*What to work on*. The listing is to be transcribed in full, with its images left out.

*Source information*.
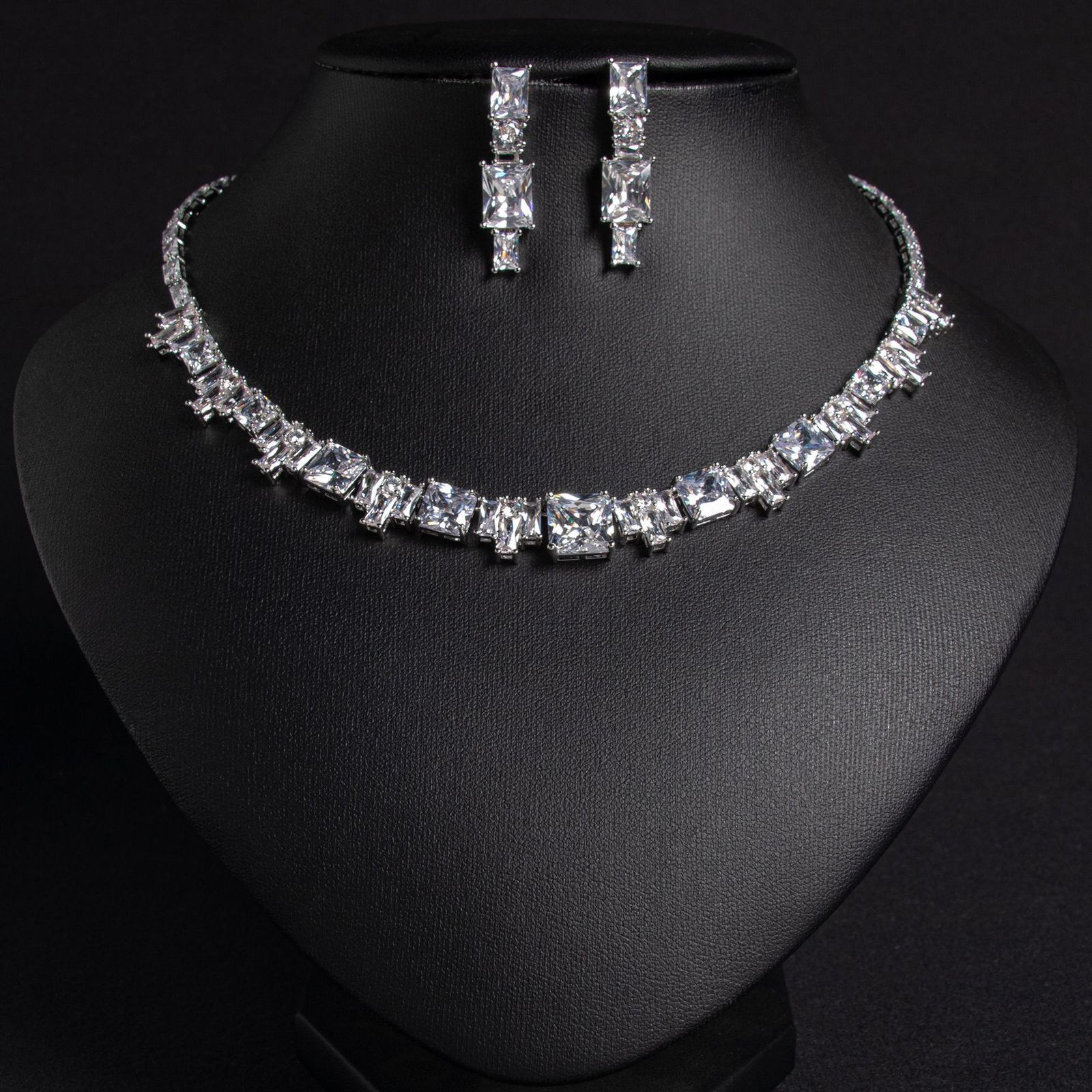 New Luxury Ice Flower Cut Zircon Color Treasure Necklace Set Wedding Dress Accessories Banquet Zircon Jewelry 241115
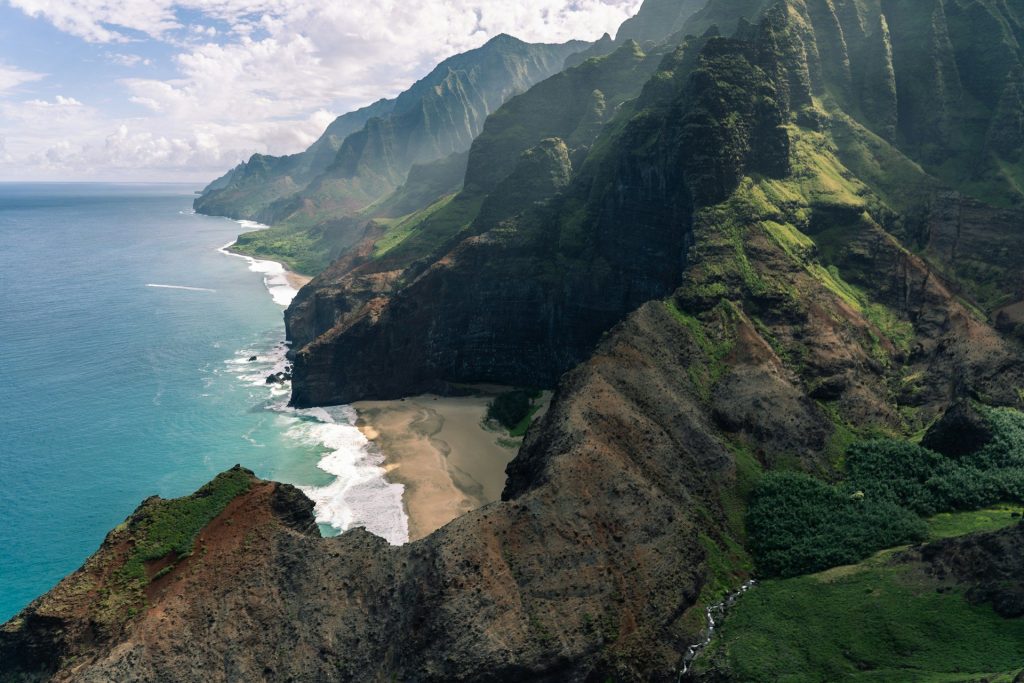 Prognoza meteo pentru Kauai: Vânt puternic și șanse de ploaie în majoritatea zonelor Insula Kauai, cunoscută pentru peisajele sale spectaculoase, se pregătește pentru o săptămână cu vreme variabilă, dominată de vânturi puternice și șanse de ploaie în diverse zone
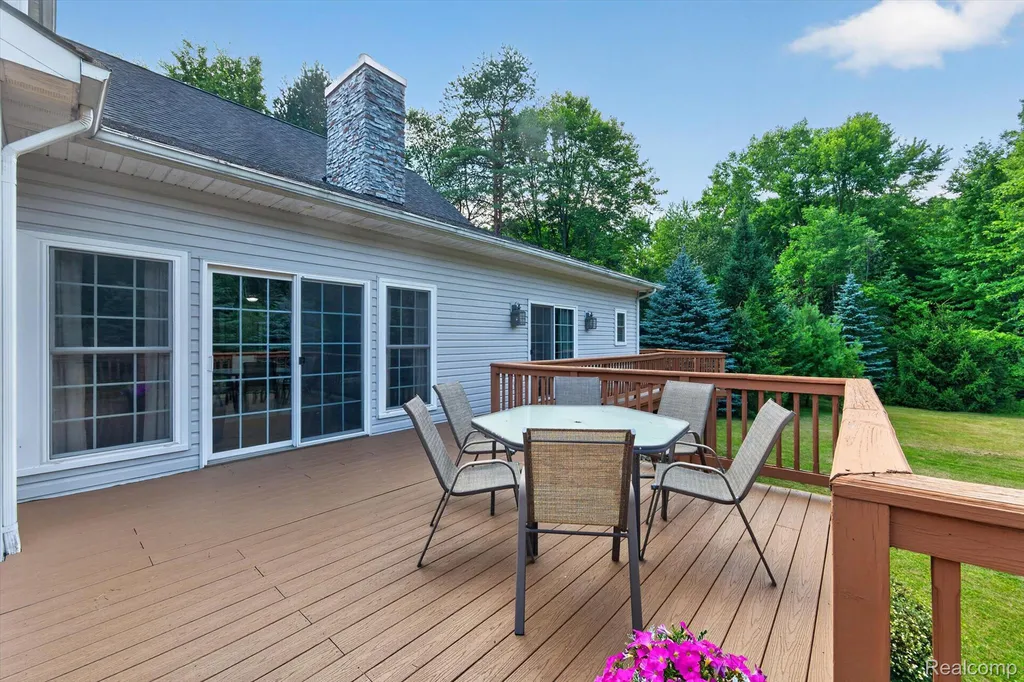 2523 Pheasant Run Brandon Charter Township MI 48462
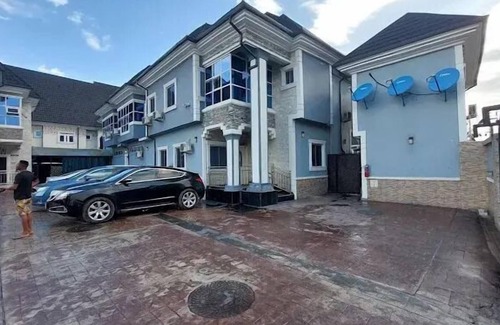 Gwarinpa Estate Apartment | Billies Court
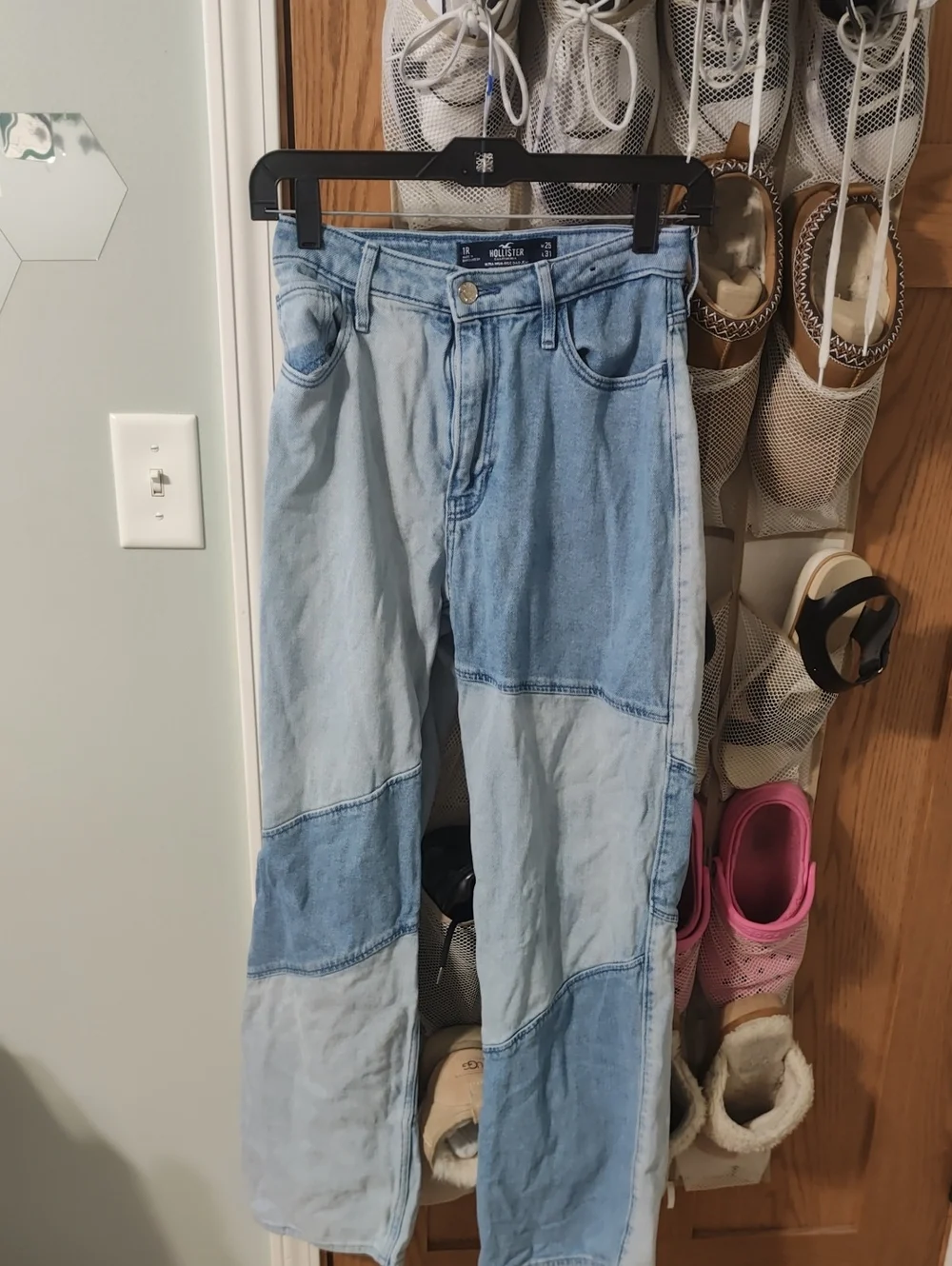 Hollister Patchwork Two-Tone Light Wash Jeans 25w 31L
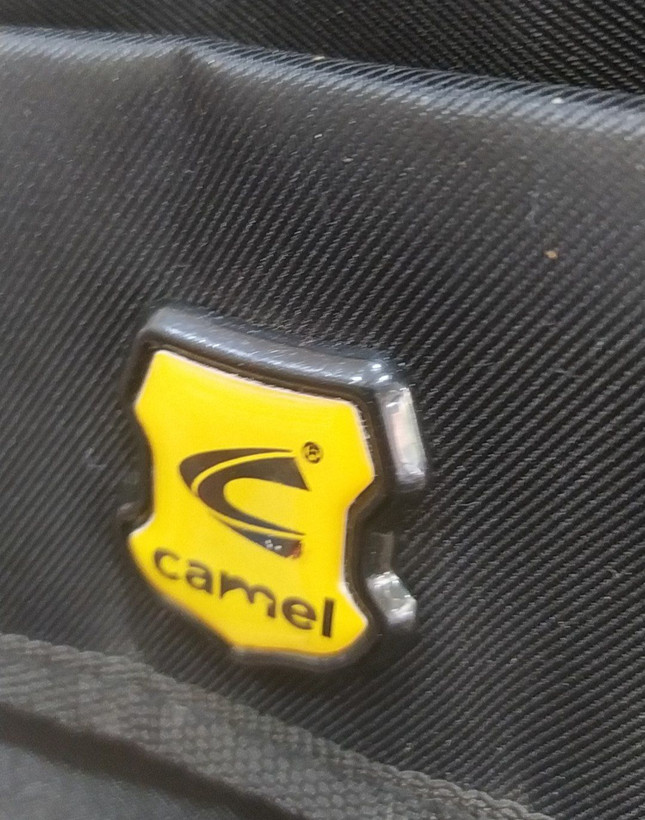 کیف لپ تاپی Camel(سیاه رنگ) با کیفیت بسیار خوب، مناسب برای دوره های دبیرستان تا دانشگاه و استادان گرامی و حمل مقادیر کم کتاب و وسایل دانشجویی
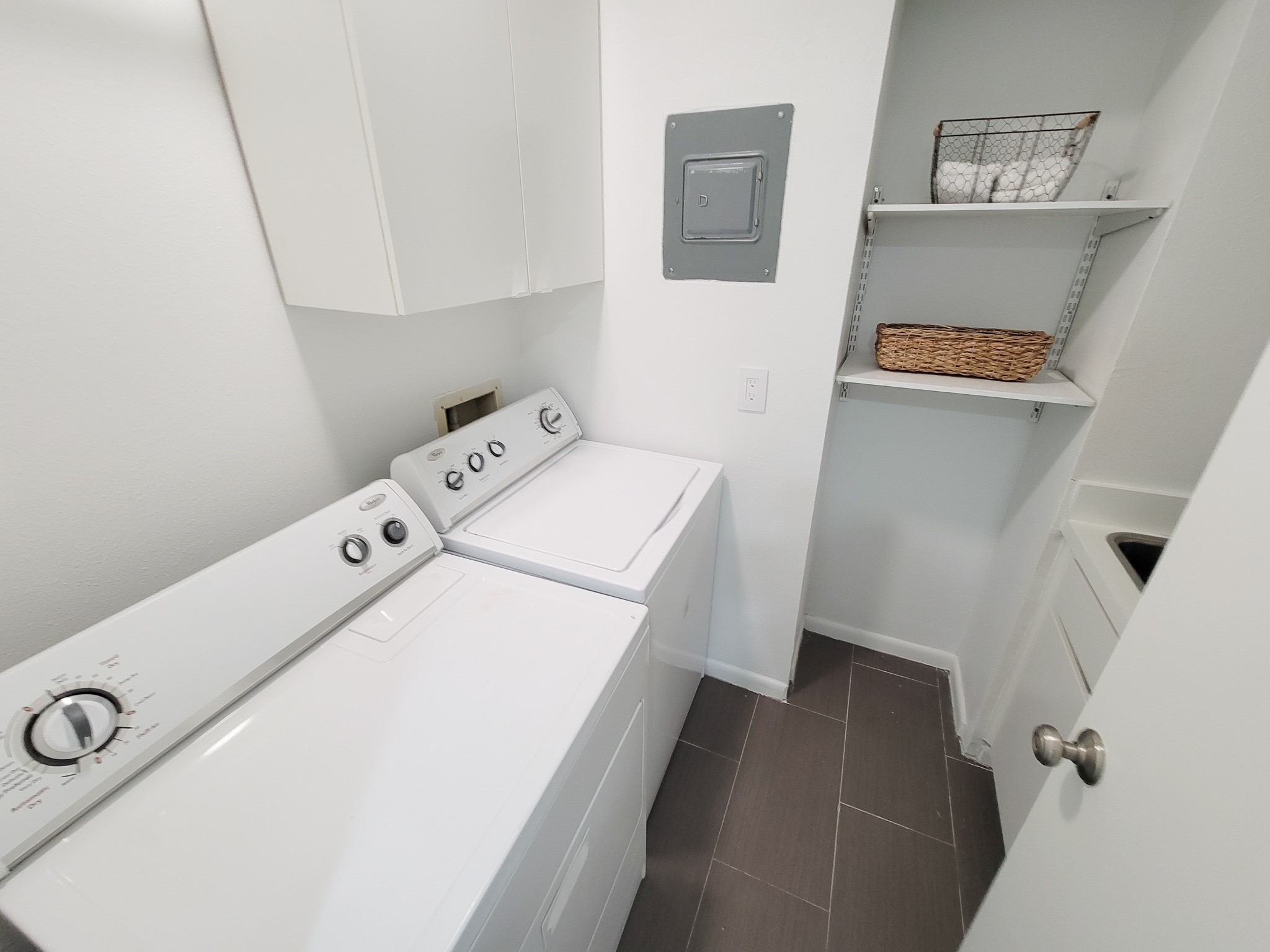 755 Bering Drive B Property Photo 31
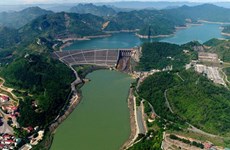 Подписан кредит в размере 1.900 млрд. вьетнамских донгов на расширение проекта строительства гидроэлектростанции Хоабинь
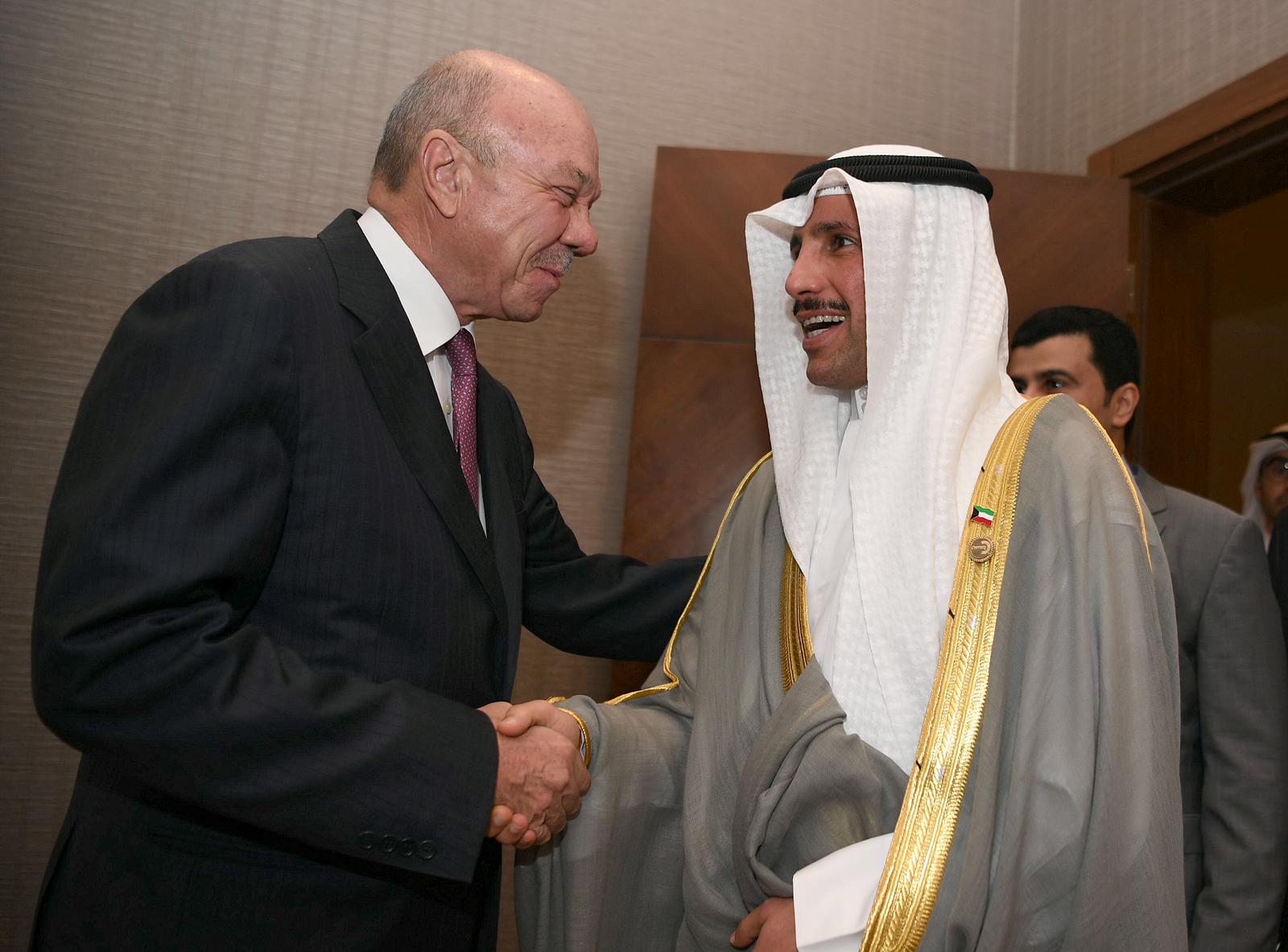 رئيس مجلس الأمة مرزوق الغانم خلال لقائه مع رئيس مجلس الأعيان الأردني فيصل الفايز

*Reply to the exercise*.
 New Luxury Ice Flower Cut Zircon Color Treasure Necklace Set Wedding Dress Accessories Banquet Zircon Jewelry 241115
 Prognoza meteo pentru Kauai: Vânt puternic și șanse de ploaie în majoritatea zonelor Insula Kauai, cunoscută pentru peisajele sale spectaculoase, se pregătește pentru o săptămână cu vreme variabilă, dominată de vânturi puternice și șanse de ploaie în diverse zone
 2523 Pheasant Run Brandon Charter Township MI 48462
 Gwarinpa Estate Apartment | Billies Court
 Hollister Patchwork Two-Tone Light Wash Jeans 25w 31L
 کیف لپ تاپی Camel(سیاه رنگ) با کیفیت بسیار خوب، مناسب برای دوره های دبیرستان تا دانشگاه و استادان گرامی و حمل مقادیر کم کتاب و وسایل دانشجویی
 755 Bering Drive B Property Photo 31
 Подписан кредит в размере 1.900 млрд. вьетнамских донгов на расширение проекта строительства гидроэлектростанции Хоабинь
 رئيس مجلس الأمة مرزوق الغانم خلال لقائه مع رئيس مجلس الأعيان الأردني فيصل الفايز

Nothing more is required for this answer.